Analyzing the complexity of the Stacks Project graphs
So yesterday I told you about the cool new visualizations now available on Johan’s Stack Project.
But how do we use these visualizations to infer something about either mathematics or, at the very least, the way we think about mathematics? Here’s one way we thought of with Pieter.
So, there’s a bunch of results, and each of them has its own subgraph of the entire graph which positions that result as the “base node” and shows all the other results which it logically depends on.
And each of those graphs has structure and attributes, the stupidest two of which are the just counts of the nodes and edges. So for each result, we have an ordered pair (#nodes, #edges). What can we infer about mathematics from these pairs?
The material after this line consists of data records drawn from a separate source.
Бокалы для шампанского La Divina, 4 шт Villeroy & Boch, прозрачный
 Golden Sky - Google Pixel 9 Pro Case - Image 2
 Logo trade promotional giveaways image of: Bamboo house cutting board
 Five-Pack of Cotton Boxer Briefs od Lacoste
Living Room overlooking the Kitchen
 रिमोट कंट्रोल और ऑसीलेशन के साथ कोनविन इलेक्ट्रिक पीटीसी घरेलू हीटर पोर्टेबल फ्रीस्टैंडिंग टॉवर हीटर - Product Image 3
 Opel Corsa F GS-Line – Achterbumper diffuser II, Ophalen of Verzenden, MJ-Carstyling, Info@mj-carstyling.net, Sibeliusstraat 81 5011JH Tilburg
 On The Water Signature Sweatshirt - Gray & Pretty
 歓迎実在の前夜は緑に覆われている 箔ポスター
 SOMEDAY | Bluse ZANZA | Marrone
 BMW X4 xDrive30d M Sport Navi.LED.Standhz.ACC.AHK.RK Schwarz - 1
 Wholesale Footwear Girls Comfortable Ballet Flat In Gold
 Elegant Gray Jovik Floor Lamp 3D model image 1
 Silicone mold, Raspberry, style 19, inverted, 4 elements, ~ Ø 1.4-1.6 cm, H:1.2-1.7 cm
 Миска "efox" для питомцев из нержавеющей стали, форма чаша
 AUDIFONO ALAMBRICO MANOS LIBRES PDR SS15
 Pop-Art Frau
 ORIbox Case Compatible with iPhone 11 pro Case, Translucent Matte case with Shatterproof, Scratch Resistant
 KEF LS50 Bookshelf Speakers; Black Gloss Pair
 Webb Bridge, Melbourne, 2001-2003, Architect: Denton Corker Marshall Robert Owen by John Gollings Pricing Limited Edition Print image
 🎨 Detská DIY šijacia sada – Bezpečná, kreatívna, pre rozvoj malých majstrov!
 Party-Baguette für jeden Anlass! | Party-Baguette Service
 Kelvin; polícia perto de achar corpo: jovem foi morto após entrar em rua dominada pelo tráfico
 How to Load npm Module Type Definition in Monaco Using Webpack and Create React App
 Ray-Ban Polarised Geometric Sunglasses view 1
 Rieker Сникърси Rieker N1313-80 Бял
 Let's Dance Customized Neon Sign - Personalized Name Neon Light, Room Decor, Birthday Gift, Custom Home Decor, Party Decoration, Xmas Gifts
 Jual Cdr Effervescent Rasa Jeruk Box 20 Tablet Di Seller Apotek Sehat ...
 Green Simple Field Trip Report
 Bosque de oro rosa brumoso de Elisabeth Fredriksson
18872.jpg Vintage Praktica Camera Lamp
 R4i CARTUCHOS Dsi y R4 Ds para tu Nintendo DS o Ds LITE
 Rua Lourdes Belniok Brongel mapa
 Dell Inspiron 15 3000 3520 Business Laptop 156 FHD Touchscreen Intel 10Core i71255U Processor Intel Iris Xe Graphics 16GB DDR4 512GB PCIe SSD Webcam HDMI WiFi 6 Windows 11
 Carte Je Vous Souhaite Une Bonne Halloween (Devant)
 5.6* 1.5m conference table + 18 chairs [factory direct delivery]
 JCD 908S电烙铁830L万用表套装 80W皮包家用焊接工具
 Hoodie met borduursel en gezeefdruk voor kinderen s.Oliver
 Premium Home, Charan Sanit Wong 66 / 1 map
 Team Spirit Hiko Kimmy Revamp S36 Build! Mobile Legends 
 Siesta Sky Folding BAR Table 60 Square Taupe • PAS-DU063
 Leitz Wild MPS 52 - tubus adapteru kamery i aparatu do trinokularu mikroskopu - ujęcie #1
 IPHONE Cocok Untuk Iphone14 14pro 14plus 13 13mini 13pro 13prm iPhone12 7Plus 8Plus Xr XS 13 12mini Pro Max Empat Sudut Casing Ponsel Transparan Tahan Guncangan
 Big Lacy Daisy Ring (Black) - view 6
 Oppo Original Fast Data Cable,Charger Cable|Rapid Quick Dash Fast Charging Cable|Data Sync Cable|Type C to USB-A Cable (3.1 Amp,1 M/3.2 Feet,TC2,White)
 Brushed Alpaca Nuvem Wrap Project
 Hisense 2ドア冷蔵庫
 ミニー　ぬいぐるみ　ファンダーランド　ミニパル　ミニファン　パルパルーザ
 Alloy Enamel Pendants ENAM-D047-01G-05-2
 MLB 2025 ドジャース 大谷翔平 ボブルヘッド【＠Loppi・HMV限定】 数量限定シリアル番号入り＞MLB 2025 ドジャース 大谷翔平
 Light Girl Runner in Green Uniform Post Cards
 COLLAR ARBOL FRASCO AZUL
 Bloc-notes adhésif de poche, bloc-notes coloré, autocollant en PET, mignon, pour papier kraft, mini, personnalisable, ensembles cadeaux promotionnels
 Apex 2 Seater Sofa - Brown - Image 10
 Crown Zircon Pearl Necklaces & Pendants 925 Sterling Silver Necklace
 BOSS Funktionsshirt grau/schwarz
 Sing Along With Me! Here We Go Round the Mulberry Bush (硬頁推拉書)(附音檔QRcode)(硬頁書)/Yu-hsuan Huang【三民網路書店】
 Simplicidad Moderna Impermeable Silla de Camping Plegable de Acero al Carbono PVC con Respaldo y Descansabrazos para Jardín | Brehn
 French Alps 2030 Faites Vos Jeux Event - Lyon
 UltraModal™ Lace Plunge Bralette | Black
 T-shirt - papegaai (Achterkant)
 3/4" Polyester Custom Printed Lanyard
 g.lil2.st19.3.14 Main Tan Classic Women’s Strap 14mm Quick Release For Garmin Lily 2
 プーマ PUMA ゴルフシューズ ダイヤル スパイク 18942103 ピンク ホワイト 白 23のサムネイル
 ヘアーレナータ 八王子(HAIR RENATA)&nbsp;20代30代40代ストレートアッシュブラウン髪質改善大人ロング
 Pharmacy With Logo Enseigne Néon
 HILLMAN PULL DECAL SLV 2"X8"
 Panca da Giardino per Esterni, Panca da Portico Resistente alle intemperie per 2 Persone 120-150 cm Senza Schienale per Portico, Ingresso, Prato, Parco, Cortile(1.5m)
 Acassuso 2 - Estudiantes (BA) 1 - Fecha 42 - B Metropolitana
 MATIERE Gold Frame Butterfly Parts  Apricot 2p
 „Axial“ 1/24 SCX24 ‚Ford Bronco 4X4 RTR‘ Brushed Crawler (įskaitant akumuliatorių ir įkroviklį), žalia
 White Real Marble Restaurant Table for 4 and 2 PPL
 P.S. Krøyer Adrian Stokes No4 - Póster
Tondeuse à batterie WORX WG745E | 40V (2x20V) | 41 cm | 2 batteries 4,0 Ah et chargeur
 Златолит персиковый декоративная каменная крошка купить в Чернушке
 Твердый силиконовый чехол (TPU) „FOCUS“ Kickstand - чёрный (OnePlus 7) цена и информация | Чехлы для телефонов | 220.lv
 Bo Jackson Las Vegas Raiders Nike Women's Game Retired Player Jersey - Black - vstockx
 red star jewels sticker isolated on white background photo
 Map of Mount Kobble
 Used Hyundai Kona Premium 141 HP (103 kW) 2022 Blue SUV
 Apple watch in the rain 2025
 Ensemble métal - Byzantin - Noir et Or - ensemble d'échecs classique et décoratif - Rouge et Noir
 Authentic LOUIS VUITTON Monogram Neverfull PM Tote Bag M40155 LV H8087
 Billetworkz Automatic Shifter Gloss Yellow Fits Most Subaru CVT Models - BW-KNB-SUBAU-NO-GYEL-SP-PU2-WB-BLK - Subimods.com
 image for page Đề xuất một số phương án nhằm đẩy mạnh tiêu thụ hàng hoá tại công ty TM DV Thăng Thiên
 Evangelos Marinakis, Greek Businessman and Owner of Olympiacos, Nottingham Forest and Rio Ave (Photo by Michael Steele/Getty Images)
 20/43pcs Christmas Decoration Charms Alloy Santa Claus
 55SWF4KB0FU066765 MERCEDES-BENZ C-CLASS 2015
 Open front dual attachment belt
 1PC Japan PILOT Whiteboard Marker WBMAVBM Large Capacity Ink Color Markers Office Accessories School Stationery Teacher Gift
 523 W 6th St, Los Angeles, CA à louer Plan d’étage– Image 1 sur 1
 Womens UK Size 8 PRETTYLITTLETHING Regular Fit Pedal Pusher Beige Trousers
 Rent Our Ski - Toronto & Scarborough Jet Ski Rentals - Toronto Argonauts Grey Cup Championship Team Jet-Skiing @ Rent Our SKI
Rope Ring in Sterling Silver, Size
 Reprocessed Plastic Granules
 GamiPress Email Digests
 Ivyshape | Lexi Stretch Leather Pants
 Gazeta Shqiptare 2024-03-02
Here’s a scatter plot of the nodes-vs-edges for each of the 10,445 results (email me if you want to play with this data yourself):
I also put a best-fit line in, just to illustrate that the scatter plot is super linear but not perfectly linear.
So there are a bunch of comments I can make about this, but I’ll limit myself to the following:
- There are a lot of points at (1,0), corresponding to remarks, axioms, beginning lemmas, definitions, and tags for sections.
- As a data person, let me just say that data is never this clean. There’s something going on, some internal structure to these graphs that we should try to understand.
- By “clean” I’m not exactly referring to the fact that things look pretty linear, although that’s weird and we should think about that. What I really mean is that things are so close to the curve that is being approximated. They’re all within a very tight border of this imaginary line. It’s super amazing.
- Let’s pretend it’s just plain straight. Does that make sense, that as graphs get more complex the edges don’t get more dense than some multiple (1.86) of of the number of nodes?
- Kind of: remember, we don’t depict all logical dependency edges, just the ones that are directly referred to in the proof of a result. So right off the bat you are less surprised that the edges aren’t growing quadratically in the number of nodes, even though the number of possible edges is of course quadratic in the number of nodes.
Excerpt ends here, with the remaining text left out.